99 % des petites entreprises encore coincées dans le cash
Les chiffres parlent d’eux-mêmes. Selon l’enquête Finscope MPME citée par le gouverneur, 99 % des micro, petites et moyennes entreprises haïtiennes fonctionnent encore exclusivement au cash. Pas de cartes bancaires, pas de paiements mobiles, pas de traces numériques de leurs transactions.
Cette dépendance au cash a des conséquences dramatiques : risques de vol, difficultés à épargner, impossibilité d’accéder au crédit bancaire, exclusion totale de l’économie formelle. Et dans un pays où le secteur informel représente environ 35 % du PIB, cette situation freine toute l’économie nationale.

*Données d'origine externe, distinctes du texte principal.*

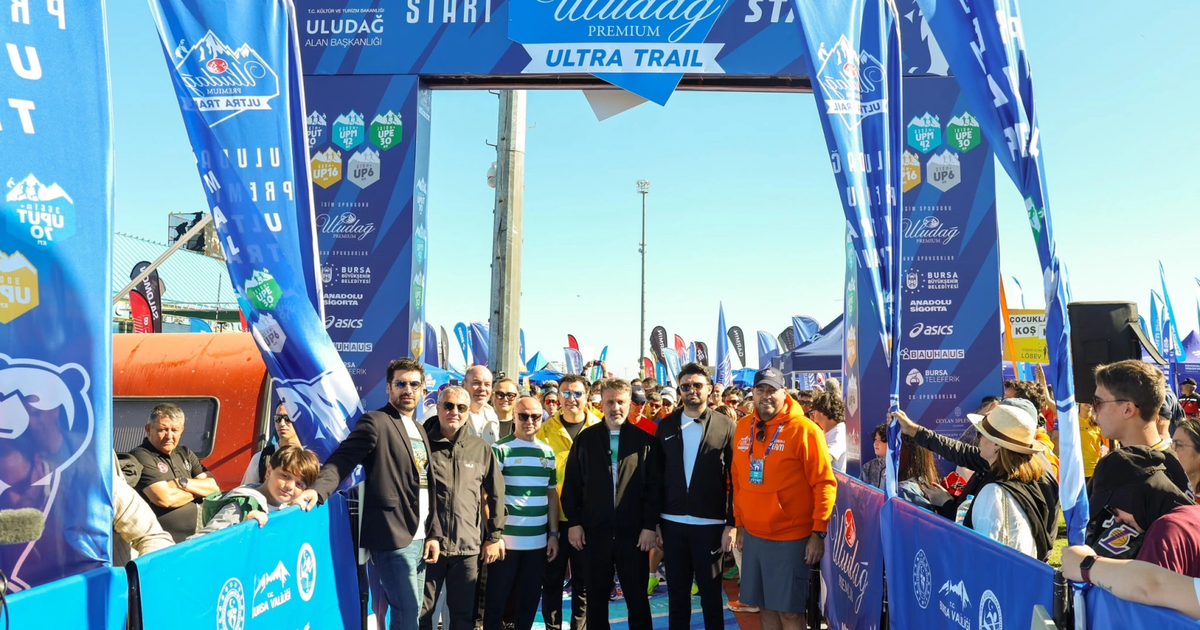 Uludağ'da maraton heyecanı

Pour les Haïtiens de la diaspora qui envoient de l’argent au pays, cette réalité est frustrante. Pourquoi est-il si compliqué de transférer des fonds directement sur le compte ou le portefeuille mobile d’un proche ? Pourquoi faut-il encore passer par des intermédiaires qui prennent des commissions élevées ? La digitalisation des paiements pourrait enfin apporter des réponses à ces questions.
Former les cerveaux de demain
Mais la BRH ne se limite pas aux paiements. Elle investit aussi massivement dans la formation. Depuis 18 mois, le programme TIC-Haïti-BRH, mené en partenariat avec plusieurs universités, forme des spécialistes en cybersécurité, gestion de projets informatiques, intelligence artificielle et analyse de données.
« L’objectif poursuivi est la création d’un bassin de capital humain pour construire notre société et notre capacité technologique », a expliqué le gouverneur. Une vision qui résonne particulièrement auprès des jeunes Haïtiens, qu’ils soient au pays ou dans la diaspora, nombreux à chercher des opportunités dans les métiers du numérique.
Un Fonds pour l’intelligence artificielle sera également créé pour soutenir la recherche et le développement de solutions technologiques innovantes dans la santé, l’éducation, l’agriculture et la finance. Une initiative qui pourrait attirer les talents de la diaspora et créer un écosystème tech capable de rivaliser avec ceux de Kingston ou Santo Domingo.
Une vision cohérente, mais des défis immenses
Ronald Gabriel insiste sur la cohérence de sa stratégie : formation, recherche et entrepreneuriat forment un tout. La BRH ne veut pas seulement moderniser les paiements, elle veut créer un écosystème complet où les jeunes sont formés, où les innovations sont financées et où les entrepreneurs ont accès aux outils numériques pour développer leurs activités.
Mais les défis restent immenses. Comment déployer des solutions numériques dans un pays où l’électricité et l’internet restent des luxes dans de nombreuses régions ? Comment convaincre des marchands habitués au cash depuis des décennies d’adopter des terminaux de paiement ? Et surtout, comment garantir la sécurité de ces transactions dans un contexte où la cybercriminalité augmente partout dans le monde ?
Le gouverneur mise sur la collaboration entre institutions publiques, secteur privé et partenaires internationaux. Un pari ambitieux, mais nécessaire.
Un message d’espoir ?
En clôturant le forum, Ronald Gabriel a voulu envoyer un message d’espoir aux jeunes, aux femmes et au secteur des affaires. Pour lui, la digitalisation des paiements n’est pas qu’une question technique, c’est un pas décisif vers une économie plus moderne, équitable et compétitive.
Les deux journées de réflexion ont permis de poser les jalons. Maintenant, place à l’action. Les projets pilotes dans les trois villes donneront-ils les résultats escomptés ? Les formations produiront-elles les experts dont Haïti a besoin ? Et surtout, cette vision parviendra-t-elle à transformer durablement un pays où l’économie informelle règne depuis si longtemps ?
Pour les millions d’Haïtiens qui rêvent d’une économie où payer ne rime plus avec danger, où épargner ne nécessite plus de cacher des billets sous le matelas, et où entreprendre ne signifie plus être exclu du système bancaire, la BRH vient de lancer un pari qu’on a tous intérêt à voir réussir.